Write-Ahead Logging, also known as WAL, is a technique to ensure data integrity after system failures and improve performance on storage systems. It is used by most of the database storage systems.
Imagine a naive implementation of a storage system where every single write operation goes directly to disk. On a large scale, performance will be awful. Instead, in-memory data structures (memtables) can be used to speed up read/write operations. When a certain memory size is reached, they are serialized to disk. But, what if system goes down? In-memory data that has not yet been flushed to disk is lost immediately. That's the reason WAL does exist.
WAL is an append-only log that registers all the commands executed in a storage system. A command is any operation that mutates the state of the system, i.e. a write operation.
When using WAL technique, every single command is appended to the log before memtables are updated. This way, when the system is restarted after a failure, all the commands are read and current system's state is re-created from them and loaded to memtables, similar to event-sourcing pattern.

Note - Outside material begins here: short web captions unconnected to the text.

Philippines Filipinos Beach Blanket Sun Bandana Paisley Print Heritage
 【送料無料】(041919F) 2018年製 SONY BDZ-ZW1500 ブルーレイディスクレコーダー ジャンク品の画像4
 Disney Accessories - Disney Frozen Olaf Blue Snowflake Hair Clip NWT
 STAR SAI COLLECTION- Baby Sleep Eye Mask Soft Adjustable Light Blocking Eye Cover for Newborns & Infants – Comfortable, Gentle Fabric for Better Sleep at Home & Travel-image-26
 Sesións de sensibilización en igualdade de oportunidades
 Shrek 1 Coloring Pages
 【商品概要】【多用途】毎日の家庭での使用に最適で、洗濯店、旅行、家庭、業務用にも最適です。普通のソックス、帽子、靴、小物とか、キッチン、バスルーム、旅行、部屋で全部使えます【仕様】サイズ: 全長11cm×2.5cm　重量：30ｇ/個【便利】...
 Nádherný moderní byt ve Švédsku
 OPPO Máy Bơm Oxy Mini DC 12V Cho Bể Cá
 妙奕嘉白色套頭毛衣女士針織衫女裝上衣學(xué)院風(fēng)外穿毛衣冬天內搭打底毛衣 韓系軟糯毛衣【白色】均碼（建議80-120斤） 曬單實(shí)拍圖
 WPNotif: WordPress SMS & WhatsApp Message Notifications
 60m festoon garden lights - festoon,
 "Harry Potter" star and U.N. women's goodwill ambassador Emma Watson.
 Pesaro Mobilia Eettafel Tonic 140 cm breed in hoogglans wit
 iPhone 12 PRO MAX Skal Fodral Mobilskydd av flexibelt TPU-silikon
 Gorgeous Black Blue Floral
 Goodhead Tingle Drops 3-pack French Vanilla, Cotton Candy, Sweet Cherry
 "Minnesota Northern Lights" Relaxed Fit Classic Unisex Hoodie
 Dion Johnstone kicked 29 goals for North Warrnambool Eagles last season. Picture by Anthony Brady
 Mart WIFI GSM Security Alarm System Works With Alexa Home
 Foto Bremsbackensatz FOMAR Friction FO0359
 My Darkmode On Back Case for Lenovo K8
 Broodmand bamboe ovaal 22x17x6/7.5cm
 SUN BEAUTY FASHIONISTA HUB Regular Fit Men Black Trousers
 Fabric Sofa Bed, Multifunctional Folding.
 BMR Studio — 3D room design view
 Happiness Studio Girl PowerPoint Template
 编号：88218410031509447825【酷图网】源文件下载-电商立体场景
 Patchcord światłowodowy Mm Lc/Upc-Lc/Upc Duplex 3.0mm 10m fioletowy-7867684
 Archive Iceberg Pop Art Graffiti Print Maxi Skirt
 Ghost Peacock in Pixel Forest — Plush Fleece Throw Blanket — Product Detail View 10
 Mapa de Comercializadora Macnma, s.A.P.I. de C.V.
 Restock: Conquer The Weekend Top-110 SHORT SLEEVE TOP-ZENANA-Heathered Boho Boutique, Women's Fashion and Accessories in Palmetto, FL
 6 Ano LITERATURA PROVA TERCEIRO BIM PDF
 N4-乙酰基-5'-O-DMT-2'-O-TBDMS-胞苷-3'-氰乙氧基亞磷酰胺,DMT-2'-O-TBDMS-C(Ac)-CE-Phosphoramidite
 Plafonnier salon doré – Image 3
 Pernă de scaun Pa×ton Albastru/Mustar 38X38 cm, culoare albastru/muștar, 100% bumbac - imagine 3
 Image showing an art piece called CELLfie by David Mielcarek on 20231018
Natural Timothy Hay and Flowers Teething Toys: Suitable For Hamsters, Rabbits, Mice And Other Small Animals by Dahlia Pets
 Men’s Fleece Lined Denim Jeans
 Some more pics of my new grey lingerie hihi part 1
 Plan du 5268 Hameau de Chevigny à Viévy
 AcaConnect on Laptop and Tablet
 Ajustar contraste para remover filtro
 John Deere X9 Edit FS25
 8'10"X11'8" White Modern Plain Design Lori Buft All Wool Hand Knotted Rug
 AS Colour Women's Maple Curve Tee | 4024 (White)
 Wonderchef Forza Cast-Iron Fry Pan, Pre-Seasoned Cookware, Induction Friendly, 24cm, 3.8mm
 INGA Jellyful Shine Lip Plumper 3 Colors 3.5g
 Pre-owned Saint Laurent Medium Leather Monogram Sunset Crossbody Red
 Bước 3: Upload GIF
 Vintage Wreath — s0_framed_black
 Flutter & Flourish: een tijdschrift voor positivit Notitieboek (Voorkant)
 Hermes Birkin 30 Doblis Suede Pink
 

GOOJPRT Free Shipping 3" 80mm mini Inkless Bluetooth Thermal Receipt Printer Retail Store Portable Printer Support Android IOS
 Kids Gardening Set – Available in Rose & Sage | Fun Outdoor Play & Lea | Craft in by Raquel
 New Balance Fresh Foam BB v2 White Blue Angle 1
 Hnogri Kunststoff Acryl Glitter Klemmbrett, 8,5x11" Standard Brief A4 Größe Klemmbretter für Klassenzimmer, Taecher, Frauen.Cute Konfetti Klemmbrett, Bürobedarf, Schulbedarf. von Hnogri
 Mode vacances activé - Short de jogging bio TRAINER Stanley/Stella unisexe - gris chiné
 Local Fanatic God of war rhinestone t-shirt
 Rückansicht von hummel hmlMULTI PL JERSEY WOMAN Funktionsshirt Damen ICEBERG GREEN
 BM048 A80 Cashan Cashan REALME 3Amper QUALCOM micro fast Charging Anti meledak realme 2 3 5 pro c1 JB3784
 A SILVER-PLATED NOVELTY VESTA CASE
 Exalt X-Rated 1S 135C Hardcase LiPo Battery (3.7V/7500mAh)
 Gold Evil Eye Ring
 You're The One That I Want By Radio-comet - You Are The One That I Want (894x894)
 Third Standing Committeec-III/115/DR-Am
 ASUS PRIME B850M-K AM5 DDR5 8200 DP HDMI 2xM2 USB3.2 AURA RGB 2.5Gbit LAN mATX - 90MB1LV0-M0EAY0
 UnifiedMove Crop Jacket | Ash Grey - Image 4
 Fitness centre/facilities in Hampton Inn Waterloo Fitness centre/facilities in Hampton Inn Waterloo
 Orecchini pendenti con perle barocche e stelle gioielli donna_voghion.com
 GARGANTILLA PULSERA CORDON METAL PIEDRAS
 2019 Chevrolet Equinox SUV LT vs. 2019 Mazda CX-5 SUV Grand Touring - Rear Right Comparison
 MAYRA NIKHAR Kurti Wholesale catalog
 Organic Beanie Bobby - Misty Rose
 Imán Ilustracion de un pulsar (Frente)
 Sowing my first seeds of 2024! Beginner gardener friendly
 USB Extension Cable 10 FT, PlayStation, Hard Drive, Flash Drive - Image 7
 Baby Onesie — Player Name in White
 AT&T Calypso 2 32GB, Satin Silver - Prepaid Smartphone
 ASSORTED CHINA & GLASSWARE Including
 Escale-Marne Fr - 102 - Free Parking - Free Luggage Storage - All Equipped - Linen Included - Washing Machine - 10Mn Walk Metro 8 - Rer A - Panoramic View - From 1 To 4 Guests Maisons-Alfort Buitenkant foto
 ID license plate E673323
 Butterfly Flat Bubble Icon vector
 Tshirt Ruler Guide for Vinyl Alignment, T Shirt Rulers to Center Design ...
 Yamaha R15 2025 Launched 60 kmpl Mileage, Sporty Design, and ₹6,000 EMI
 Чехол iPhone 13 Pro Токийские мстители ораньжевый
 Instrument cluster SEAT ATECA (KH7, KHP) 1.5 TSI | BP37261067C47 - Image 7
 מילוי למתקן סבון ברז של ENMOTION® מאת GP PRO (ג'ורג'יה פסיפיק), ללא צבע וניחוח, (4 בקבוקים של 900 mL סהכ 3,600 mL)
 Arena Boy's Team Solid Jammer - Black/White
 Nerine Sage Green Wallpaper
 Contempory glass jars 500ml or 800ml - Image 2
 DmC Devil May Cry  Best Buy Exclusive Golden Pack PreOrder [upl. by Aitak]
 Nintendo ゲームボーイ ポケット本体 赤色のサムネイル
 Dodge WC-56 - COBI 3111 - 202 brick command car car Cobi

As you might have noticed, in both cases (always-to-disk way and memtables + WAL) disk write is needed in every command. So, how WAL improves performance? Answer is that WAL write operations can be made asynchronously. However, this could be dangerous. You need to ensure that the log entry has been appended to the log. Otherwise, data will be inconsistent. Also, dulpicated entries must be managed: by avoiding them when WAL is read or making commands logic idempotent. That's an implementation decision.